Shimizu J, Kaito N, Akiba Y, Okuda Y, Tashibu K, Abe T, Ushigome S
Department of Neurosurgery, Jikei University School of Medicine.
No Shinkei Geka. 1997 Jun;25(6):555-9.
A 30-year-old male had been suffering from left temporalgia of six months duration and then developed left hearing disturbance. Craniogram and bone window CT revealed a well defined osteolytic lesion in the left temporal bone. CT scan showed an expansile heterogenous mass with calcification. Both T1 and T2 weighted MRI demonstrated a well lobulated mixed intensity mass, but no evidence of dural or intracranial invasion. The tumor exhibited homogenous enhancement on CT and MRI. Angiogram revealed a well marked staining supplied by the left middle meningeal and deep temporal arteries. Subtotal removal of the tumor was carried out with cranioplasty. Histologically, this tumor was composed of round or polygonal chondroblasts, scattered osteoclast-like giant cells with a foci of cartilage in the stroma. Many reports describe giant cell tumor can be differentiated by immunohistochemical demonstration of S100 protein. Although in our case, histological findings simulated those of eosinophilic granuloma, it was diagnosed as chondroblastoma because of the foci of cartilage in the stroma. Because this tumor is usually benign, recurrence of the tumor is rare after surgical resection. Post-operative irradiation has been reported to be effective in decreasing the recurrence of the tumor. But it should be carefully observed because of possible sarcomatous change in such tumors.

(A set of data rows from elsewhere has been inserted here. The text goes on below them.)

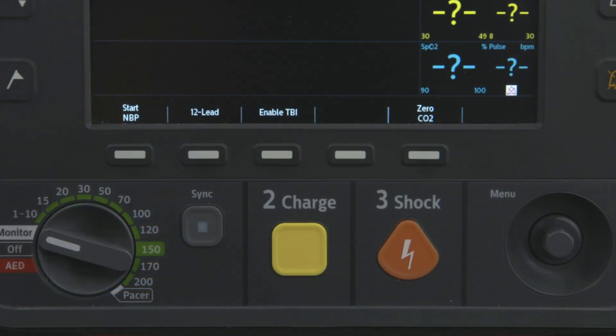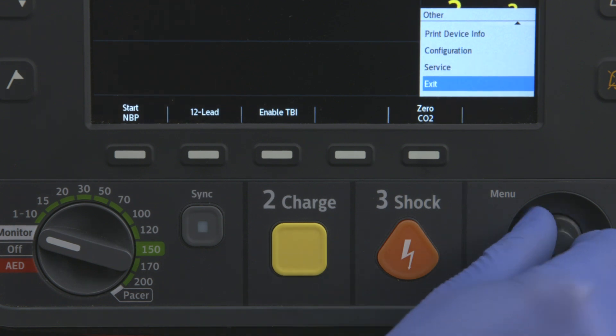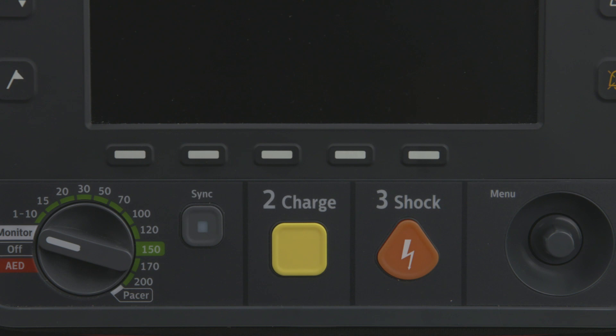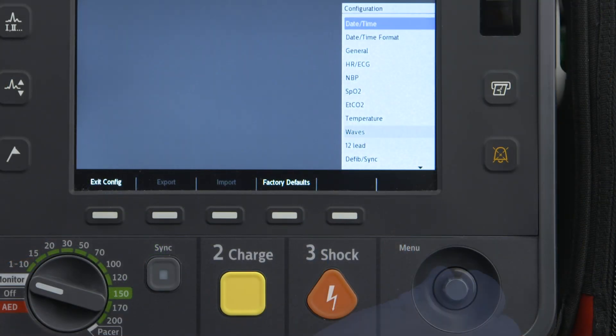To configure the HeartStart Intrepid for wireless communication, use the Smart Select knob to select Main Menu, then Other, then Configuration. Select Yes to exit Clinical Mode. Press the Smart Select knob and the Configuration menu opens.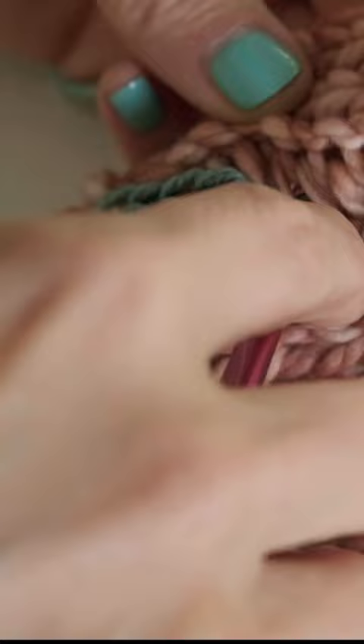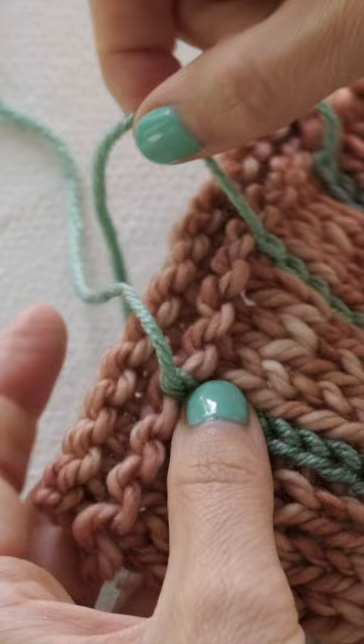And when you reach your final one, go ahead and pull it through and leave your little tails on the front. Once you're ready to weave in your ends, just go ahead and thread that tail onto a darning needle and pop it back through to the wrong side, then weave in your tails on the back side of your work.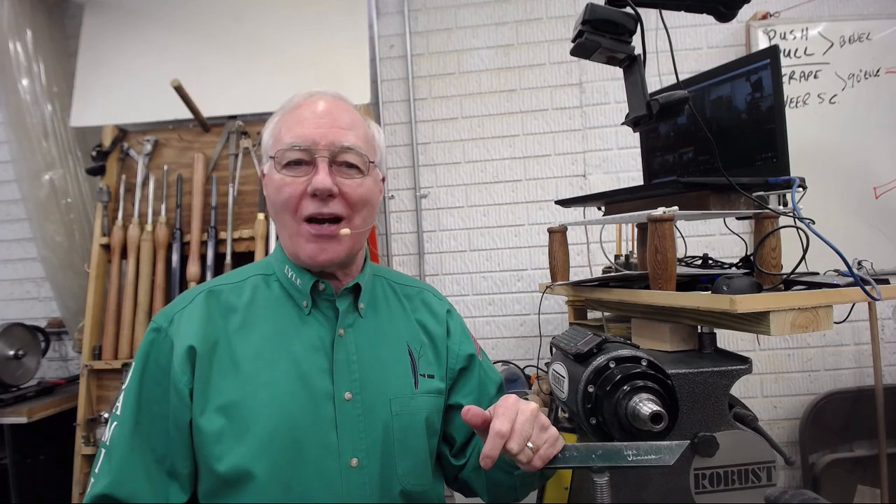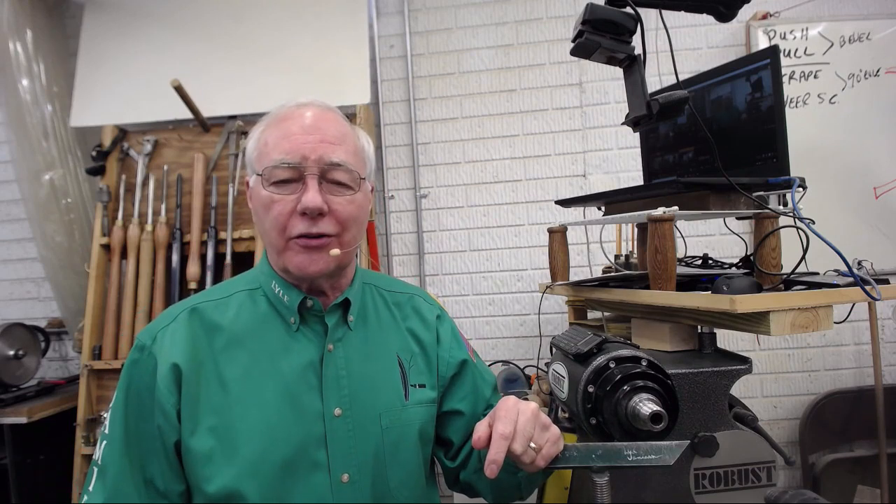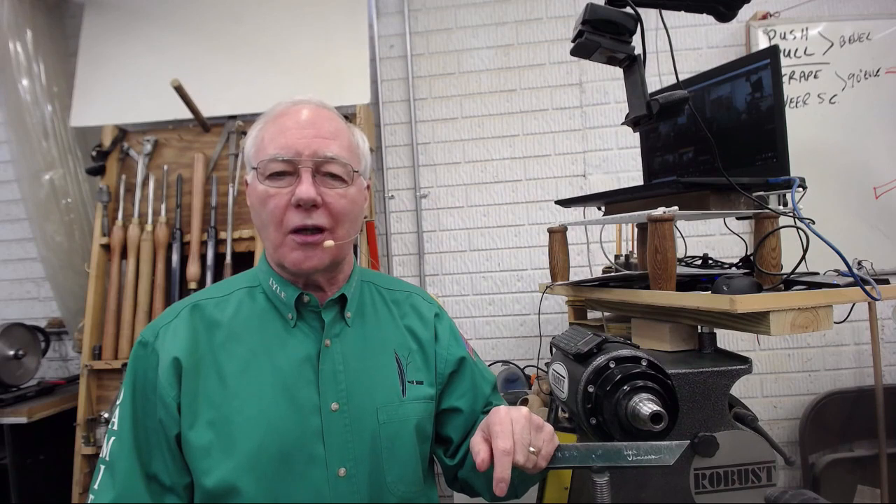Hello again. Welcome to my shop. Today I'm just going to do a little, maybe call it a heads up, about a few topics and give you some information. I usually turn on these, but today I'm not actually going to make some shavings fly, so stick around a little bit. There's some good information here in just a couple minutes.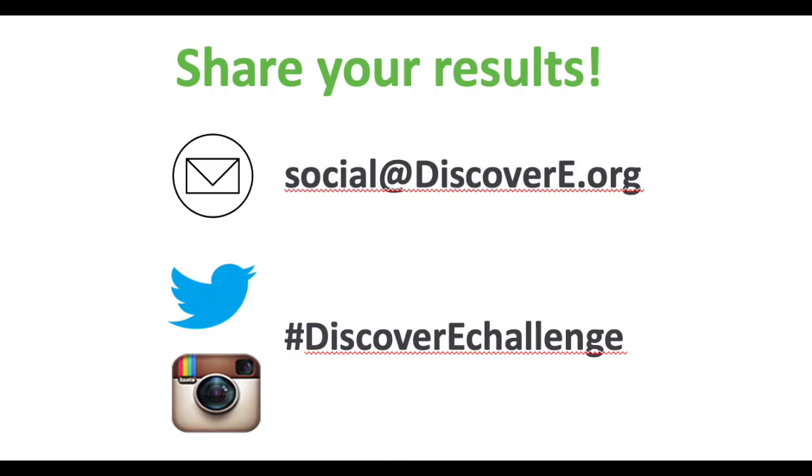Now, the last step of the design process is to share your results. Let us know how you did. You can email photos to Discover E or post videos on social media using hashtag Discover E Challenge. Good luck.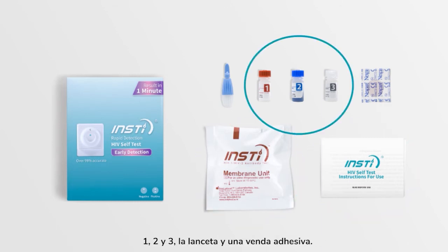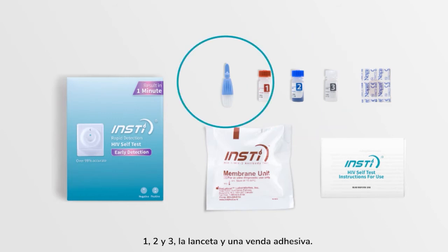The kit contains: the test device pouch, bottles 1, 2 and 3, a lancet, and a bandage.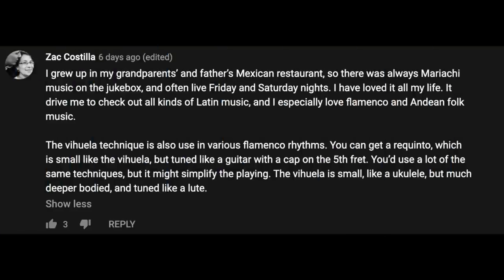Another comment came from Zach Costilla, who grew up in his grandparents' and father's Mexican restaurant where there was always mariachi music on the jukebox and often live music on Friday and Saturday nights. He says the vihuela technique is also used in various flamenco rhythms — you can get a recinto, which is small like the vihuela but tuned like a guitar with a capo on the fifth fret. The vihuela is small like a ukulele but with a much deeper body and tuned like a lute. Several people recommended I check out the recinto and its techniques. All in all, a whirlwind of great information both in the show and in the comments.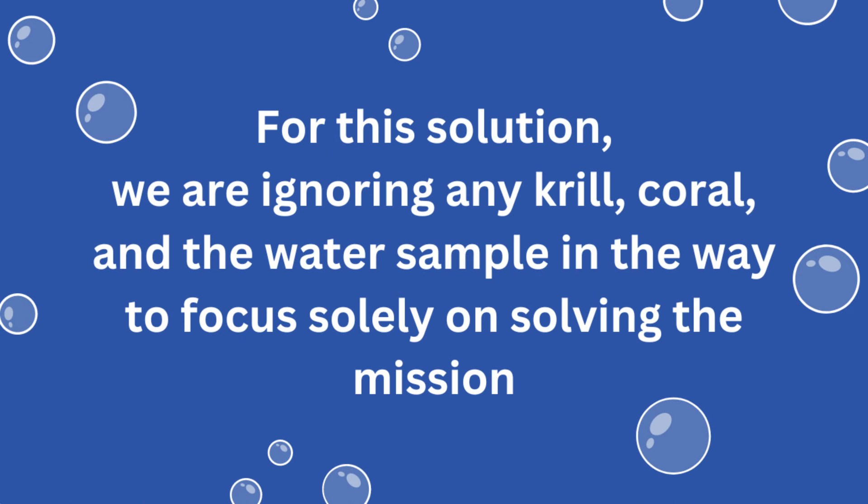Please note that for our solution, we are ignoring any krill, coral, or the water sample on the mat that might be in the way of the robot, to focus solely on solving this mission.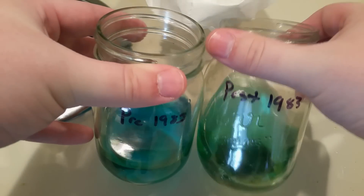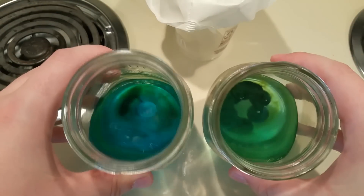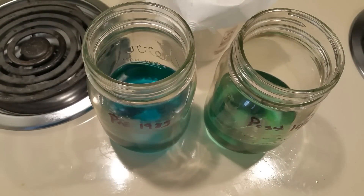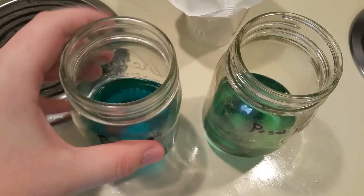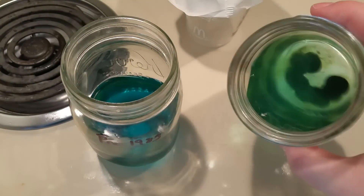This is the next morning, and as you can see, the pre-1983 pennies have actually gotten a lot more blue color than the post-1983 pennies. I attribute this mostly to the fact that there's just more copper in the pre-1983 pennies than in the post-1983 ones.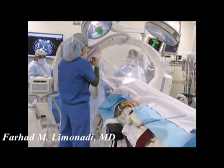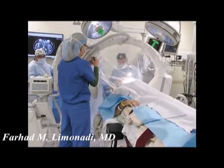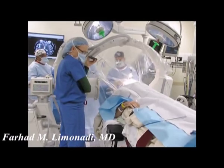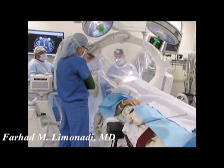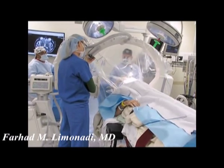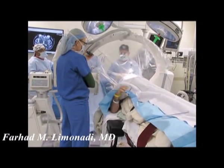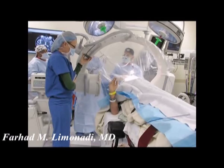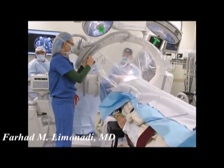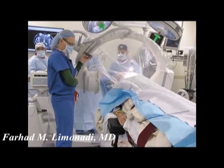0.5 volts. All right. If you feel any sensation in the corner of your mouth on the right side or your fingers, let me know. Did you feel anything? No. Okay, can you say it a little louder so we can hear you? Can you hold your arm up in the air? Good. And put it down. Did you feel anything here?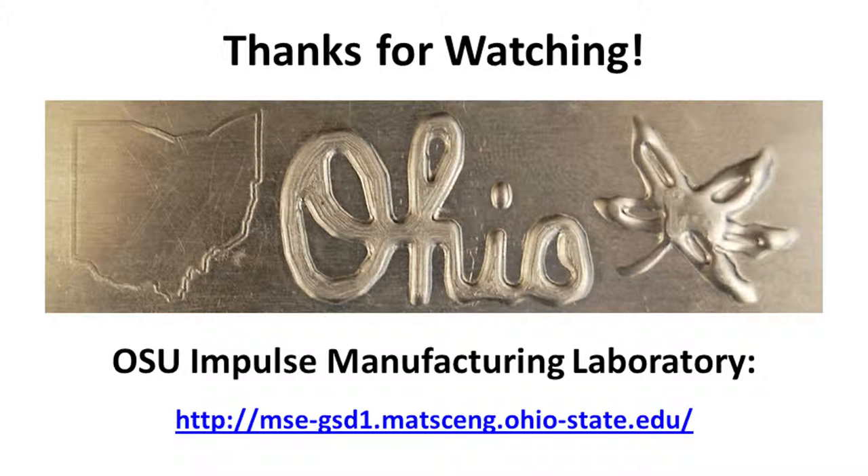Thanks for watching this short video on vaporizing foil actuator embossing. Be sure to check out our website for more short videos and information about our impulse metalworking technologies.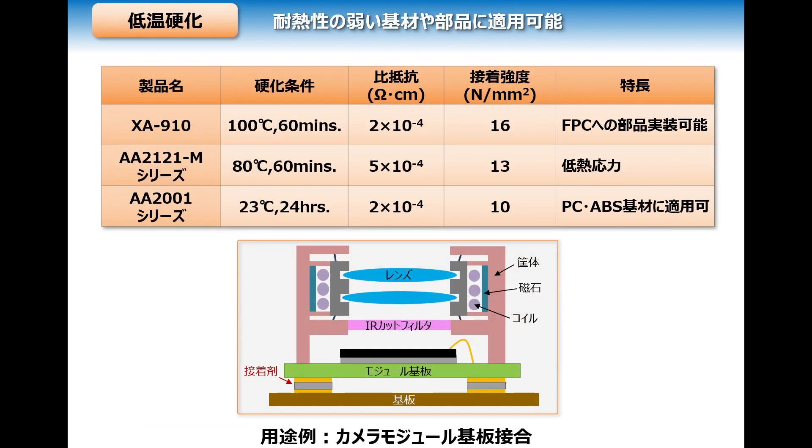Low temperature curing materials like these epoxy-based electrically conductive adhesives are made for substrates and components with a low heat tolerance. The primary benefits they provide are mounting components on FPC, low thermal stress, and use on PC or ABS substrates. As an example, attaching camera modules to a substrate — modules with low tolerance for heat require an adhesive with a low curing temperature.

一名30岁男性,左侧颞部疼痛6个月,随后出现左耳听力障碍。头颅平片和骨窗CT显示左侧颞骨有一个边界清晰的溶骨性病变。CT扫描显示一个有钙化的膨胀性不均匀肿块。T1加权和T2加权MRI均显示一个边界清晰的分叶状混合密度肿块,但无硬脑膜或颅内侵犯的证据。肿瘤在CT和MRI上均表现为均匀强化。血管造影显示由左侧脑膜中动脉和颞深动脉供血的明显染色。行肿瘤次全切除并颅骨成形术。组织学上,该肿瘤由圆形或多边形软骨母细胞、散在的破骨细胞样巨细胞组成,基质中有软骨灶。许多报道描述巨细胞瘤可通过免疫组化显示S100蛋白来鉴别。虽然在我们的病例中,组织学表现类似嗜酸性肉芽肿,但由于基质中有软骨灶,故诊断为软骨母细胞瘤。因为这种肿瘤通常是良性的,手术切除后肿瘤复发罕见。据报道,术后放疗对降低肿瘤复发有效。但由于此类肿瘤可能发生肉瘤样变,应仔细观察。